Astrocyte to Neuron Communication Channels With Applications

Abstract

Bioinspired communication techniques are emerging with increasing interest in parallel with recent advancements of nanotechnology. Particular interest is observed in the development of neuronal interfaces for human-machine communication and nanoscale neuronal devices. We propose a novel description of the communication pathways existing in the neuronal circuits, based on the abstract dynamics between different components of the neuronal communication. In the analysis, a critical role is played by glia cells , such as the astrocytes , which support and actively modulate the neuronal activity of adjacent neurons, as shown in experiments conducted the last decades.
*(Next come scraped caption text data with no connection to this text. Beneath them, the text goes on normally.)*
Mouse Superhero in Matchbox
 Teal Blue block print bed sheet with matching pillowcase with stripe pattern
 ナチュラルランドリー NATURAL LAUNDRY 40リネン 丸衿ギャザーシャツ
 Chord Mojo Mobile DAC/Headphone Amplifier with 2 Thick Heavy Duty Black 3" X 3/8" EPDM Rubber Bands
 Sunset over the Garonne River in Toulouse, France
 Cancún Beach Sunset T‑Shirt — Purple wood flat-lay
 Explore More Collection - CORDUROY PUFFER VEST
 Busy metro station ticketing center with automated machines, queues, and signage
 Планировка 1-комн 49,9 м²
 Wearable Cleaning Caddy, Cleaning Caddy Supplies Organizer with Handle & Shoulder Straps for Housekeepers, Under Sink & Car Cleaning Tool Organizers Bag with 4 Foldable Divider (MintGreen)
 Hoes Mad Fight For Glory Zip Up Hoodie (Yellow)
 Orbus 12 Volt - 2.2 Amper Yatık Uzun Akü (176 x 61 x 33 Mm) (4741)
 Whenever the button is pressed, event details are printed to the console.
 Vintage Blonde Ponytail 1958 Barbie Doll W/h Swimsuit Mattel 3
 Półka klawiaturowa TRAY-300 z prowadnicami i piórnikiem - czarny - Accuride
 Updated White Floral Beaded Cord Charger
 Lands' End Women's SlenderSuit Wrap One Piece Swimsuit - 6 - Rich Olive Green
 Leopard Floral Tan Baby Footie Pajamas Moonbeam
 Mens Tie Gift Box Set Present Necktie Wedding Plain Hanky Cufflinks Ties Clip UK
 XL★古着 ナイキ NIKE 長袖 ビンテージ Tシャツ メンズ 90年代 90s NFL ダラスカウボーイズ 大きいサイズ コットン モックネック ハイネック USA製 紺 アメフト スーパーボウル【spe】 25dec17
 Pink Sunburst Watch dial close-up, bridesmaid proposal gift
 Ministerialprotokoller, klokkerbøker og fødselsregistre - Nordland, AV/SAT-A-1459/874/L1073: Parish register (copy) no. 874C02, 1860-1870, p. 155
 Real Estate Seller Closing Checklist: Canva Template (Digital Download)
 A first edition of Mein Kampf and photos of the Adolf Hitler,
For this reason, the concept of tripartite synapse , where two neurons are interfaced with the astrocyte, is central in our abstraction. First, we define the layers of the bidirectional neuron–astrocyte communication and describe mathematically the relations connecting different quantities, i.e., intracellular molecular concentrations and currents produced on the cellular membrane. Second, the astrocytic $\text{Ca}^{2+}$ signaling is investigated for the design of a neuronal communication interface based on the propagation of calcium waves through the astrocytic network. The proposed analysis provides an organized framework for an alternative description of the synaptic communication as well as for aiding the development of artificial biomimetic devices and prostheses.